As mentioned in an earlier post (Daughters, Tea Parties, and Science), I had resolved not to bring my daughter up with all the traditional trappings of femininity. Fearing she would fall into a sticky cultural web of ingrained passivity and fixation on her appearance, I had nightmarish visions of her longing to be a ballerina, developing eating disorders and crippling body insecurities, eventually failing out of math class…
Concerned that baby girls are shoved into pink boxes from the moment of arrival, I had decided to not give her a princess-themed nursery, pink fluffy clothes, and stereotypical “girl” toys. Surely this would allow her to blossom without cultural expectations forcing her into a preordained archetype?
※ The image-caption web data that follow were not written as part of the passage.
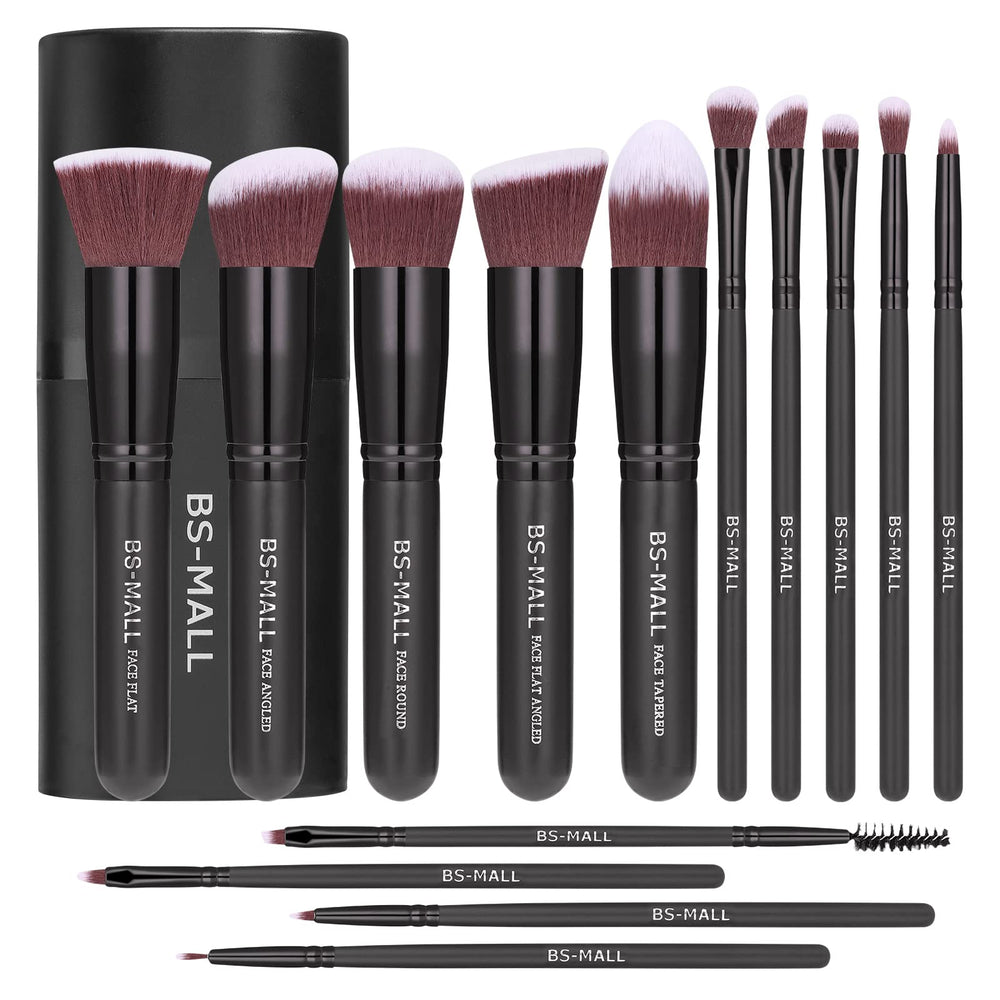BS-MALL 14-piece rose gold brush set in case for easy storage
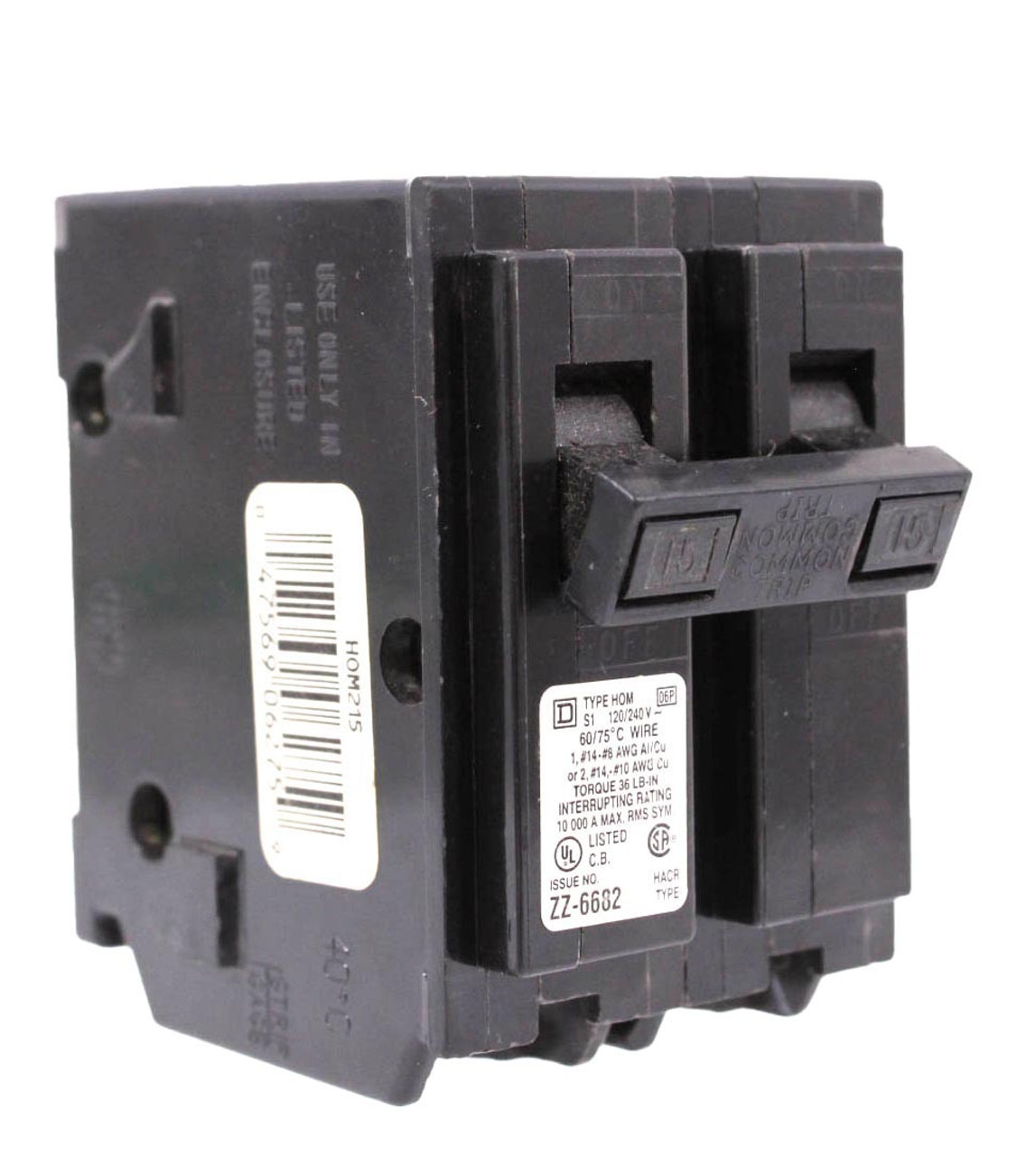 Square D HOM215 Breaker 15A 120/240V 2P 1PH 10kA Plug In Type HOM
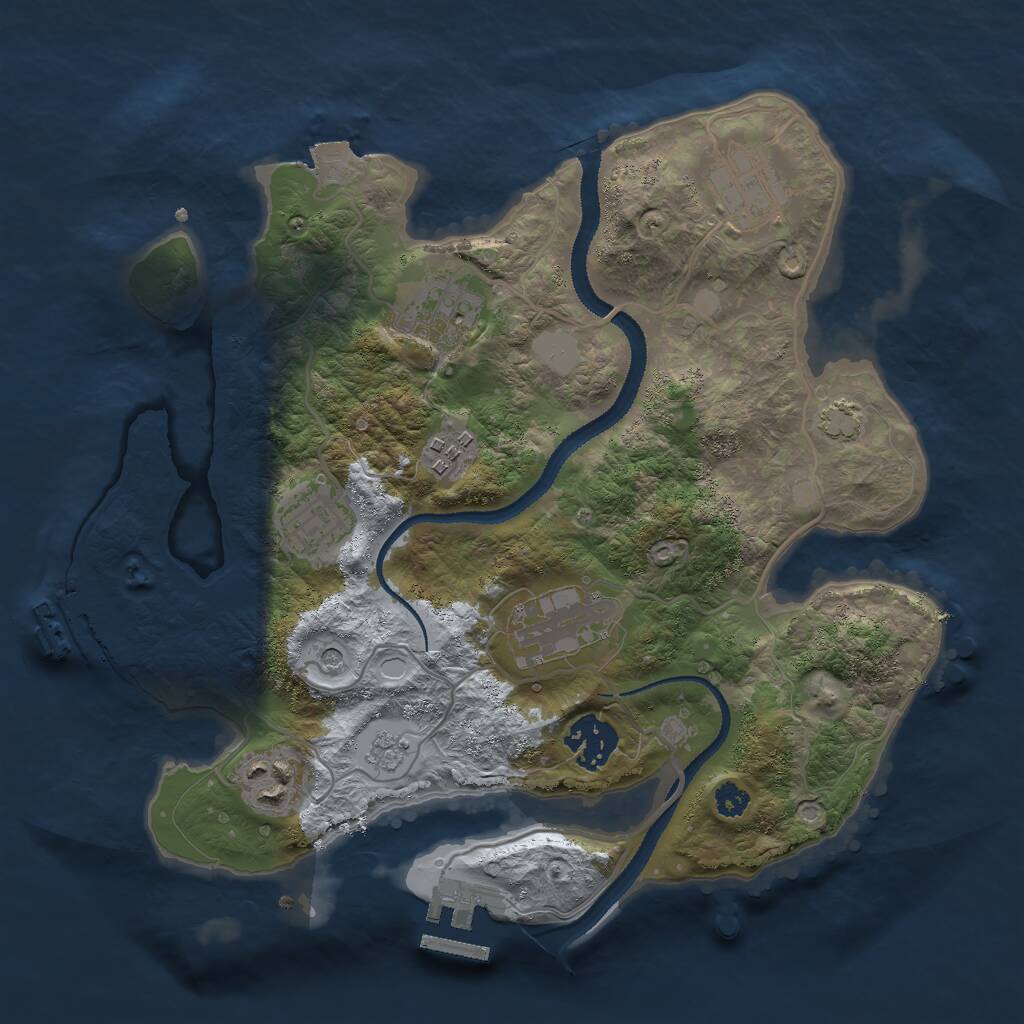 Rust Map: Procedural Map, Size: 3000, Seed: 1311523877, 13 Monuments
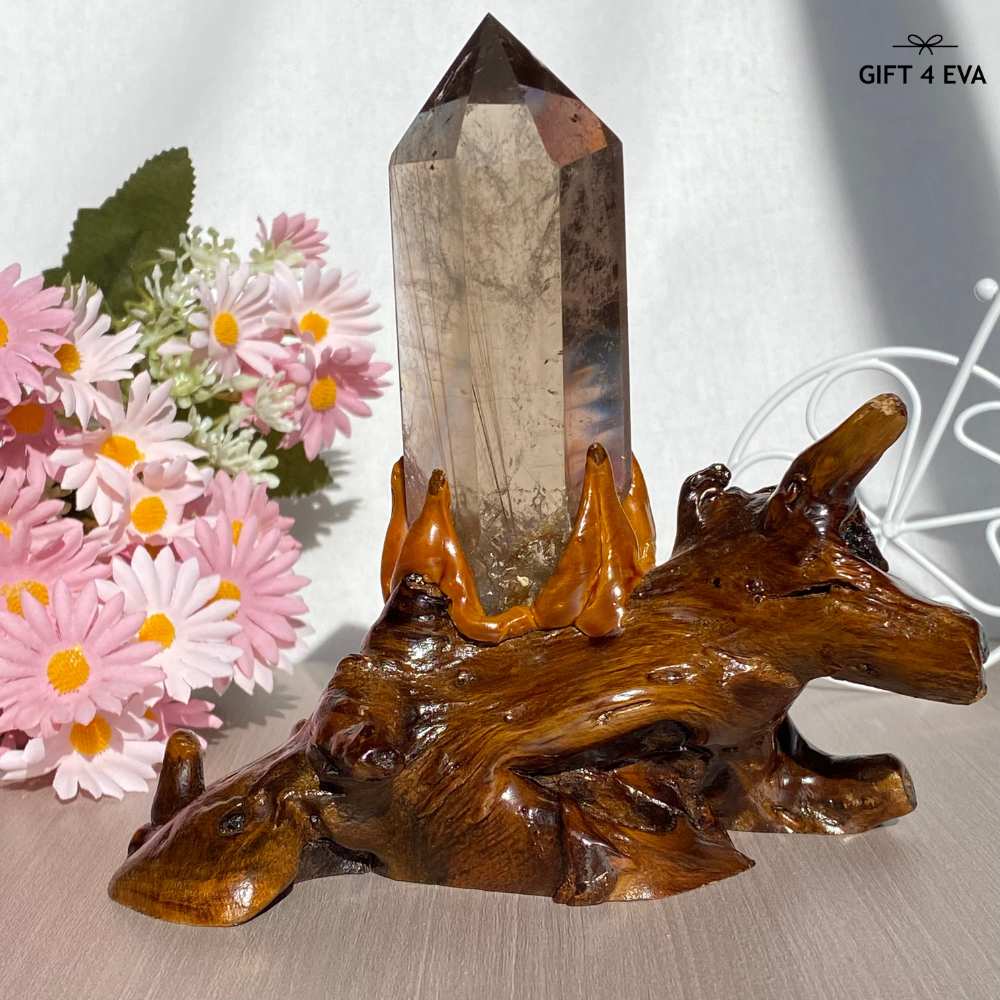 Smoky Rutile Point on Stand 312G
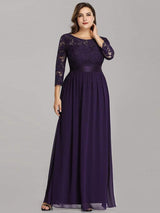 ever FAUN|See-Through Floor Length Lace Chiffon Evening Dress with Half Sleeve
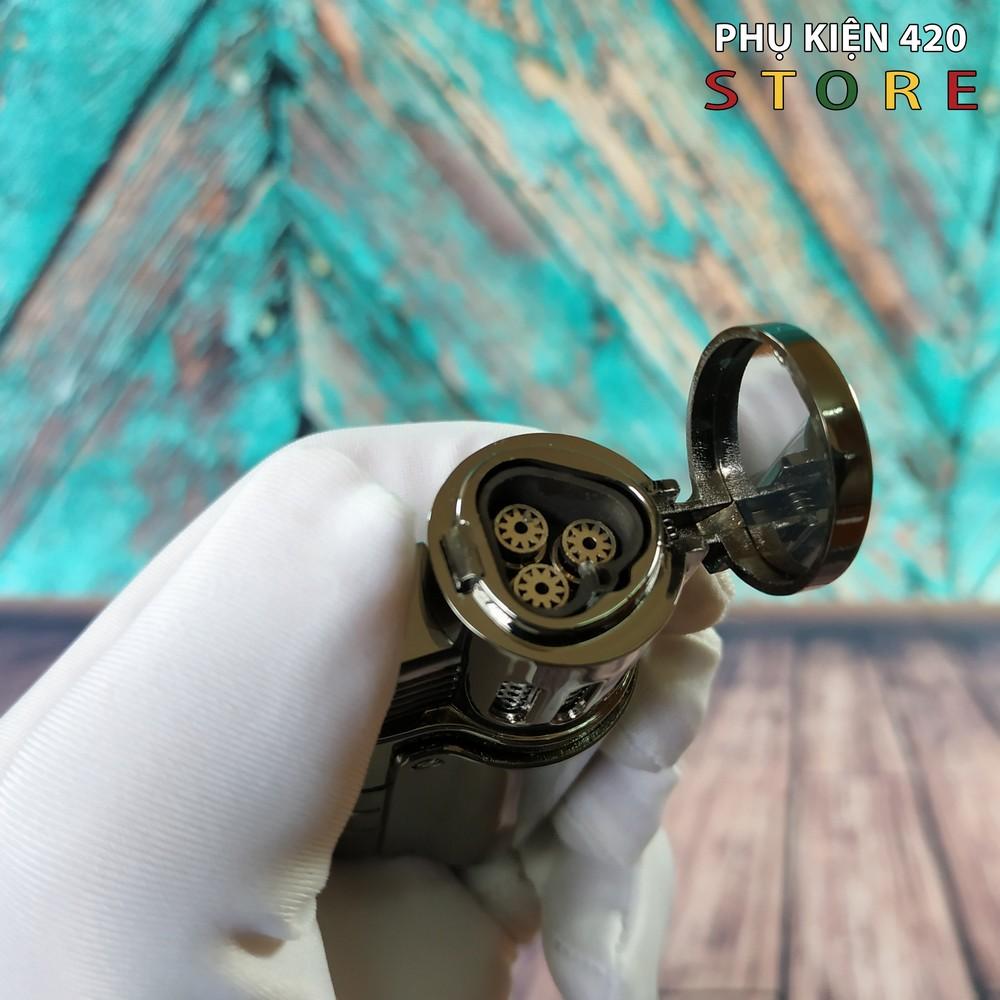 Bật lửa khò zobon 3 tia full thép - hộp quẹt máy đánh lửa khò độc lạ đẹp giá rẻ xịn - hột quẹt stoner 420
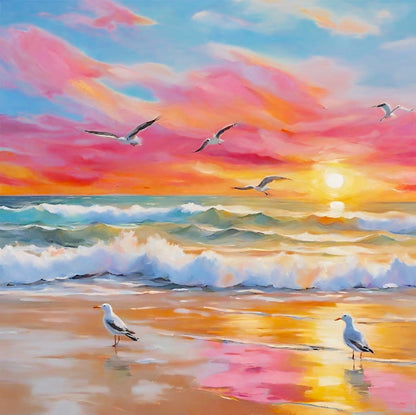 Painting of seagulls on a beach with a colorful sunset sky.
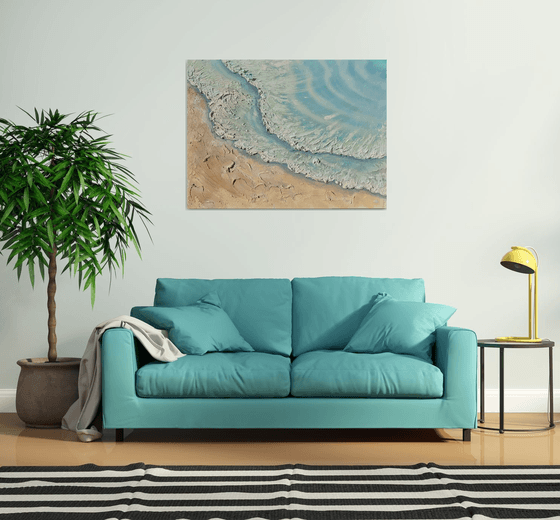 Whitsundays Whitewash blue beige 90x120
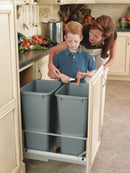 REV A SHELF : Aluminum  Pullout Double Waste Container for Full-Height Cabinets w/ Soft-Close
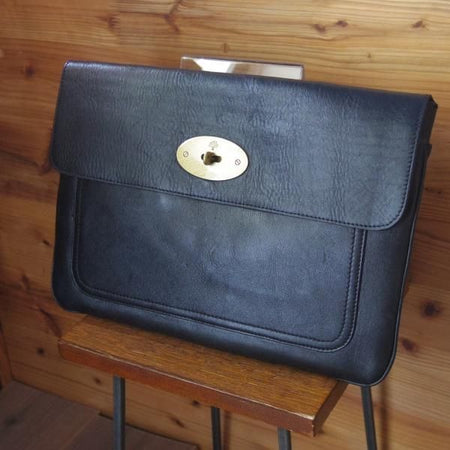 極上★(英)マルベリー/Mulberry【★クラッチバッグ】ユニセックス/レザー 黒/メンズ&レディース クラッチ バッグ★N5062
And a couple years in, the epic failure of this “gender-neutral” experiment made me chuck all of my theories into the nearest intellectual dumpster.
Despite scrubbing the cultural slate clean, my daughter became one of the girliest girls to walk the planet. Her love of fluffy pink dresses, her fascination with purses, her near-worship of the Disney princess pantheon, laughed in the face of my previous belief that everything gender related is a social construction. Sure, it’s easy to put everything down to a script when you are a single woman working off hypotheticals, but when your toddler daughter asks you for the billionth if her hair looks pretty, it’s time to reevaluate.
I figured that at this crossroads of development, I could either: 1) try to keep her away from everything traditionally feminine, or 2) keep exposing her to other possibilities. What bothered me about banning “feminine” things, however, is that it results in the very cultural conditioning I was trying to avoid in the first place. How could I claim to want my daughter to blossom into her authentic self if I am telling her that her expressions are unacceptable?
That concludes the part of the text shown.